Alternatively a lower frequency crystal can be used - as long as the bus speed is increased by the PLL to at least 50MHz (same is true when using 48MHz) Ethernet will be OK. USB can be driven by an external 48MHz clock on its alternative clock input (port NQ1) , which is 3.3V tolerant, so also no divider needed. This means that the main crystal frequency is more flexible but the component costs are probably highest. [Note that some applications may get away with using the internal 8MHz RC oscillator as main clock source and the external 48MHz fo USB]
We're using 48MHz crystal on MCF52259 with no issues (we weren't aware of the errata!), over 100 boards built and working so far...
I don't know the part # we're using but coud look it up if it would be helpful.
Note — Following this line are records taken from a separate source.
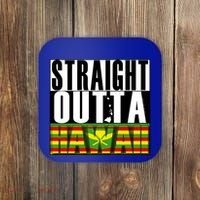 Straight Outta Hawaii Flag By Hawaii Nei All Day Gift Coaster thumb 0
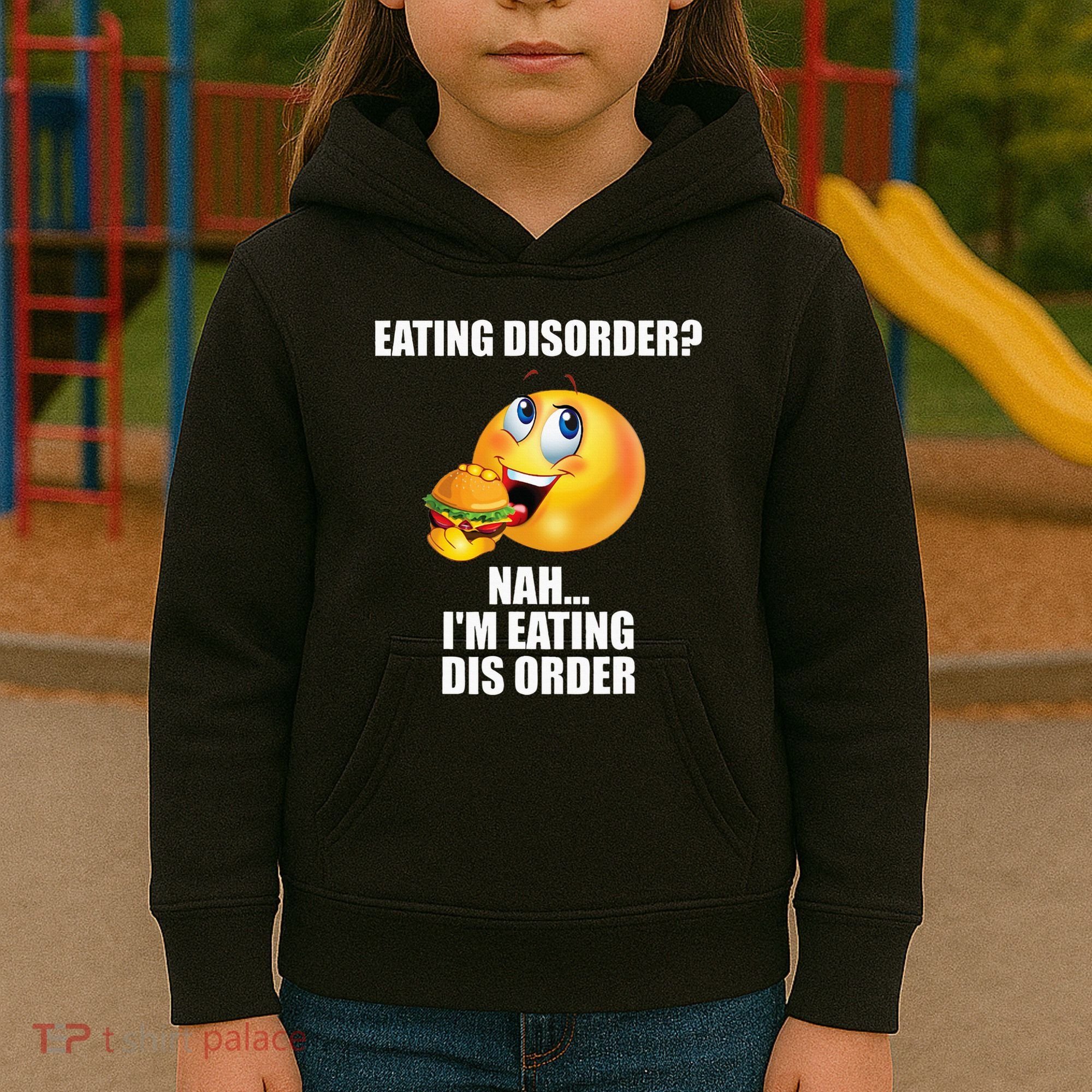 Eating Disorder Nah IM Eating Dis Order Funny Eating Kids Hoodie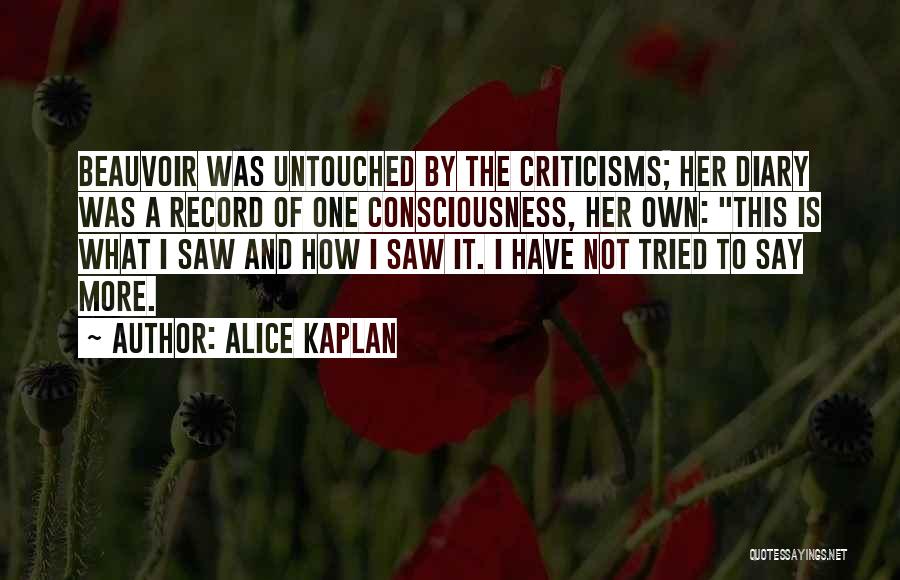 Alice Kaplan Quotes: Beauvoir Was Untouched By The Criticisms; Her Diary Was A Record Of One Consciousness, Her Own: This Is What I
> Presumably they tested it.
And then wrote the errata as a result of the tests failing? That errata just says "test your board with your crystal" which is what every designer should do anyway. Even if you do get the one they used, your board layout or crystal loading may be different and may need trimming to guarantee reliability over temperature and production variation.
The only "solution in a box" that you don't have to worry about, measure, understand, temperature test (in an environmental chamber) and document is to use an external oscillator because the people who made it have already done all that necessary work.
Like I said, contact tech support and go with their guidance and possible clarification.
Better chance they actaully will know what they are talking about than a random poster.
It's most likely not that a big a deal, since the twr board ships and works just fine with the 48MHz xtal.